Porquanto a graça de Deus se manifestou salvadora a todos os homens, educando-nos para que, renegadas a impiedade e as paixões mundanas, vivamos, no presente século, sensata, justa e piedosamente, aguardando a bendita esperança e a manifestação da glória do nosso grande Deus e Salvador Jesus Cristo, o qual a si mesmo se deu por nós, a fim de remir-nos de toda iniquidade e purificar, para si mesmo, um povo exclusivamente seu, zeloso de boas obras. Dize estas coisas; exorta, repreende também com toda a autoridade. Ninguém te despreze (grifos nossos).

            Percebe-se que, embora a esperança do cristão esteja na vinda do Senhor, a sua vida está “no presente século”, onde ele deve ser “zeloso de boas obras”. A esperança no Reino escatológico transforma o nosso caráter e as nossas atitudes hoje. No capítulo três, novamente o apóstolo liga a salvação e a escatologia à necessidade da prática de boas obras para “os que têm crido em Deus” (3:8), derrubando de vez a teoria “sentados, salvos e satisfeitos”: “Fiel é esta palavra, e quero que, no tocante a estas coisas [veja 3:1-7], façais afirmação, confiadamente, para que os que têm crido em Deus sejam solícitos na prática de boas obras. Estas coisas são excelentes e proveitosas aos homens” (v. 8, grifo nosso). Interessante notar que Paulo não afirma que essas coisas são excelentes e proveitosas a Deus, mas “aos homens”. As obras feitas em Cristo são para proveito das pessoas.
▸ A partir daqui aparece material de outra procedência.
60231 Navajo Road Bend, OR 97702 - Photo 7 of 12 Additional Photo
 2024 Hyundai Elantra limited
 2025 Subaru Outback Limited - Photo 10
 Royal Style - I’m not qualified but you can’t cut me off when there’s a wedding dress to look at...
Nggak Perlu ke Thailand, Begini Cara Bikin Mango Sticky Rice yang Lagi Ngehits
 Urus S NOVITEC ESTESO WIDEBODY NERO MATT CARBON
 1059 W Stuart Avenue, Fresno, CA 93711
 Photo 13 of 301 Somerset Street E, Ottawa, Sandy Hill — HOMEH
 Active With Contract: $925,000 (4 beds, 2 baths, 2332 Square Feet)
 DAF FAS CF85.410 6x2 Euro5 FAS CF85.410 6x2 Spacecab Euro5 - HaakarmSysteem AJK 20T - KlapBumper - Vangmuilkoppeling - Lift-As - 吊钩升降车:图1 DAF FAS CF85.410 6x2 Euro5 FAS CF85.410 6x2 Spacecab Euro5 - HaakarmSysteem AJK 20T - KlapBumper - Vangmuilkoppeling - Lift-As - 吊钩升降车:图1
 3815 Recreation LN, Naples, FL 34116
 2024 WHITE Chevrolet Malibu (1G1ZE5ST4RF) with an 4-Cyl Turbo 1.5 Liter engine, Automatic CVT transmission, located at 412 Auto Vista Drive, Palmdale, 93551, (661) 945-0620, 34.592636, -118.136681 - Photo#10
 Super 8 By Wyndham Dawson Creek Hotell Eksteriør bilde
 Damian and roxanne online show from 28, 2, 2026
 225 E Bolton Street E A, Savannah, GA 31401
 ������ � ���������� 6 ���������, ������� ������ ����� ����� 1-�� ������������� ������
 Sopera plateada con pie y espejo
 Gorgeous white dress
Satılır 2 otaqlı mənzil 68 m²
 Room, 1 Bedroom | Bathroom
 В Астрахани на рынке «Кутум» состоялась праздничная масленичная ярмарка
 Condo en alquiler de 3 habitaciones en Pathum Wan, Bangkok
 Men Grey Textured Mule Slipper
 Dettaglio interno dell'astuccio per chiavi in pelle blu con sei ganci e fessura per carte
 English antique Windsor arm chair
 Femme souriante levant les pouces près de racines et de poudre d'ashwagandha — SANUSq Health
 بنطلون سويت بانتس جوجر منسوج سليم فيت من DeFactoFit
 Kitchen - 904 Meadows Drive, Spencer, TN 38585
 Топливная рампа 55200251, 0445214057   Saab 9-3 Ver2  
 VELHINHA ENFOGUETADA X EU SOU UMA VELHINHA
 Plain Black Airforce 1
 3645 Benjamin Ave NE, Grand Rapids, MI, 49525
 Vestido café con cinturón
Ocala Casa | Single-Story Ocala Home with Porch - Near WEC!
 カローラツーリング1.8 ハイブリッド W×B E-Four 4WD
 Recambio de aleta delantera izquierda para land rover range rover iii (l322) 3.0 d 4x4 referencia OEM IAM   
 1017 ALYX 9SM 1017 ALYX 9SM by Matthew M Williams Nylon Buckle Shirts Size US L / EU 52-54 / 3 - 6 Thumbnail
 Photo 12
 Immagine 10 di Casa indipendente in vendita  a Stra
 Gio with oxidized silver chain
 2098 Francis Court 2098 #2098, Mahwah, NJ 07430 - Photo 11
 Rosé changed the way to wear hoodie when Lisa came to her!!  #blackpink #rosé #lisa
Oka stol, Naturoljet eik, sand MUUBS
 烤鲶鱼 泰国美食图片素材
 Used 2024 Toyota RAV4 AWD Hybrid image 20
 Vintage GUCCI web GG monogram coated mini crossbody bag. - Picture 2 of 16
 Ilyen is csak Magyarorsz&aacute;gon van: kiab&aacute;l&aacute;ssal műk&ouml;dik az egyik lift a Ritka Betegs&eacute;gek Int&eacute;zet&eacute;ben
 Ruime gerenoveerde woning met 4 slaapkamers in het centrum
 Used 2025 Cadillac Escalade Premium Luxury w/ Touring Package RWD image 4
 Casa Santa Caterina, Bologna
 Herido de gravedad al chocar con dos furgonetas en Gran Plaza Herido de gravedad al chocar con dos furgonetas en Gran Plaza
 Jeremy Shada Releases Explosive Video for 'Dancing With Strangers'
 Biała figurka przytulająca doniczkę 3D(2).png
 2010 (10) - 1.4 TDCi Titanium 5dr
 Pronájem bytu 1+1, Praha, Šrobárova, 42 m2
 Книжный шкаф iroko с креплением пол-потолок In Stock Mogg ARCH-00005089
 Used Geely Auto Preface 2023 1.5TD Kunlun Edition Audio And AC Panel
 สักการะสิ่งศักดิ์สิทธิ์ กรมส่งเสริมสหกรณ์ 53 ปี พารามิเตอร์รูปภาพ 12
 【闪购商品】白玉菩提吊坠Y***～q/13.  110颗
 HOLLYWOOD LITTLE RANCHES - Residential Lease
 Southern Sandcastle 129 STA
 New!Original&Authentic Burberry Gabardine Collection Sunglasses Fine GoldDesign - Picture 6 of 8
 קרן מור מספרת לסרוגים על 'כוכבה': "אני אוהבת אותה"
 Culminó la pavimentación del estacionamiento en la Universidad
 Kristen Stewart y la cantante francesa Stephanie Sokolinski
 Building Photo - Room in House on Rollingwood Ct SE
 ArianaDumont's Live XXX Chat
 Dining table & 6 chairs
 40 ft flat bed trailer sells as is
Ainda outro texto paulino, Efésios 2:1-10, também apresenta a relação do sacrifício vicário de Cristo e a salvação escatológica com a prática das boas obras (v. 10). Se no v. 6 é dito que Cristo ressuscitou para que assentássemos nos lugares celestiais, no v. 10 fica bastante claro que o objetivo desta salvação ainda a se concretizar no porvir (o Reino escatológico de Deus) também é gerar boas obras na vida do cristão “hoje”. Se no v. 7 é dito que, nos “séculos vindouros” (i. é, depois da segunda vinda de Cristo), Deus há de mostrar a “suprema riqueza da sua graça em bondade para conosco, em Cristo Jesus”, no v. 10 também nos é dito que fomos criados “em Cristo” para as boas obras preparadas de antemão para que andássemos nelas. O Reino que era, o Reino que é e o Reino que há de vir fundem-se numa única realidade escatológica que demonstra a soberania de Deus desde a eternidade até a eternidade.

O Reino futuro dos céus não somente nos traz uma esperança hoje, como também nos coloca como embaixadores desta esperança para o mundo. O Reino futuro será espiritual, universal e pleno, sendo anunciado no Antigo Testamento por meio de diversas profecias (cf. Sl 72; 89:20-29; IS 11:1-9; 65:17; 66:24; Zc 14:9-11). E breve a comunhão entre Deus e os seus filhos será restabelecida e o Senhor reinará com justiça eternamente (cf. 1 Co 15:24-28; 2 Pe 3:10-13; Ap 11:15). Novamente devemos perguntar: o que fazer enquanto esperamos? Viver de maneira espiritual, universal e plena o Reino aqui na terra. Existe possibilidade de não ser espiritual o cuidado amoroso pelos os oprimidos e miseráveis? A falta deste cuidado, a indiferença e a omissão não afetam de maneira alguma a nossa espiritualidade? O amor de Deus é restrito aos convertidos ou é universal? Ele se restringe à oferta de salvação ao pecador ou também se traduz em misericórdia para com os famintos? Como falar em plenitude do Reino se só ficamos com um aspecto só, o que nos interessa? Pode-se falar de um Reino pleno enquanto a Igreja se nega a defender a justiça do Reino que tanto prega?